Syntax and Grammars and Keywords, oh my!

Adding a new SQL statement starts with adding the necessary syntax to the SQL parser. The parser is produced from a grammar file by goyacc, a Go flavor of the popular yacc compiler compiler. The source grammar is located at pkg/sql/parser/sql.y. The output of the parser is an abstract syntax tree, with node types defined in various files under pkg/sql/sem/tree.

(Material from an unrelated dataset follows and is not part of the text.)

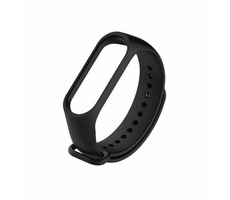Tactical 513 Silikonarmband für XIAOMI Mi Band 3 & 4 schwarz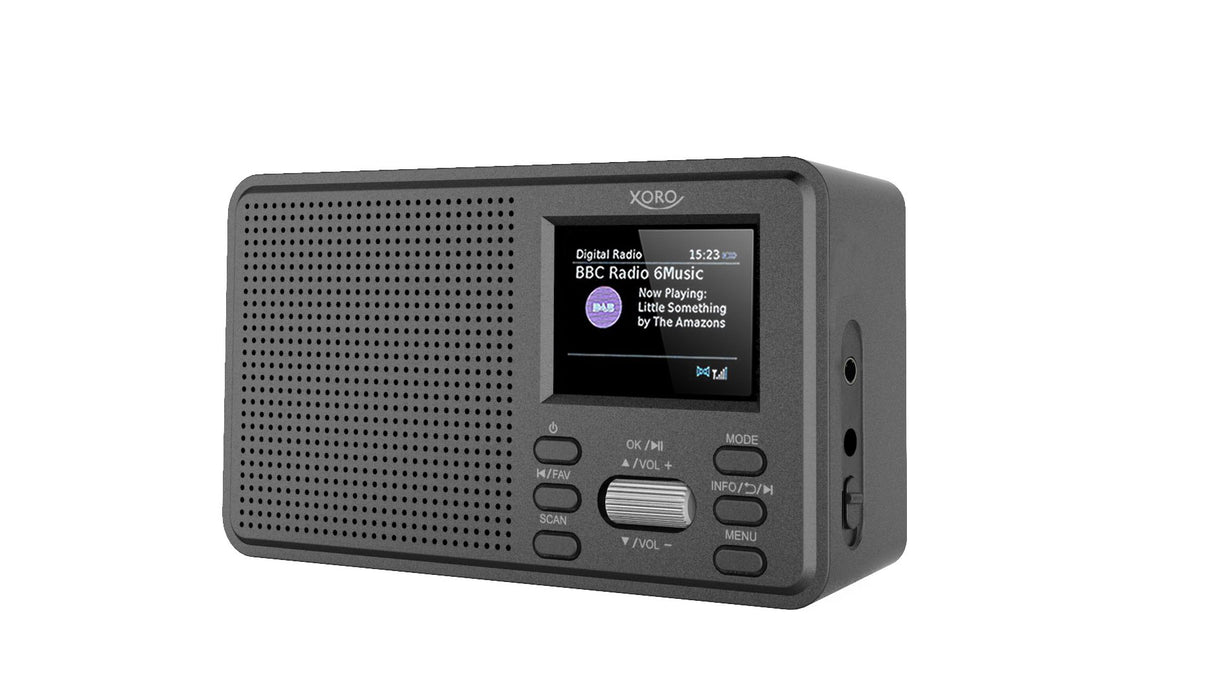 EAN 4260427613627 - Xoro DAB 142 Portátil Digital Negro imagen 1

There are three main components to adding a new statement to the SQL parser: adding any new keywords, adding clauses to the statement parser, and adding a new syntax node type.

To Frobnicate

We'll add a new statement to the Cockroach dialect of SQL: FROBNICATE. This statement will randomly change the settings on the database (something we've all wanted to do now and then). There will be three options: FROBNICATE CLUSTER, which operates on cluster settings, FROBNICATE SESSION, working on session settings, and FROBNICATE ALL, which handles both.

Let's start by checking to make sure all our keywords are defined. Open pkg/sql/parser/sql.y and search for "keyword". You'll find a series of token definitions in alphabetical order. Since the grammar already uses SESSION, CLUSTER, and ALL keywords, we don't need to add those, but we do need to make a keyword for FROBNICATE. It should look like this:

%token <str> FROBNICATE

This tells the lexer to recognize the keyword, but we still need to add it to one of the category lists. If the keyword can ever appear in an identifier position, it has to be reserved (which requires that other uses of it, for instance as a column name, must be quoted). Since our new keyword must start the statement, it can't be confused for an identifier, so we can safely add it to the unreserved keywords list.

unreserved_keyword:
...
| FROBNICATE
...

Now that the lexical analyzer knows about all our keywords, we need to teach the parser how to handle our new statement. There are three places that we need to add references: the type list, the statement cases list, and the parsing clause.

Search in the grammar file for <tree.Statement>, and you'll find the type list. Add a line for our new statement type, something like:

%type <tree.Statement> frobnicate_stmt

Now search for stmt: to find the list of productions for the stmt rule. Add a case for our statement type.

stmt:
...
| frobnicate_stmt // EXTEND WITH HELP: FROBNICATE
...

Finally, we need to add a production rule for our statement. Somewhere below the rule for stmt (perhaps in alphabetical order?) add our rule. For now we'll leave it unimplemented, but we'll come back and take care of that later.

frobnicate_stmt:
  FROBNICATE CLUSTER { return unimplemented(sqllex, "frobnicate cluster") }
| FROBNICATE SESSION { return unimplemented(sqllex, "frobnicate session") }
| FROBNICATE ALL { return unimplemented(sqllex, "frobnicate all") }

This lists the three forms of the expression that we'll allow, separated by the pipe character. Each production also has an implementation in curly braces (though in this case the implementation is to error out with an unimplemented message).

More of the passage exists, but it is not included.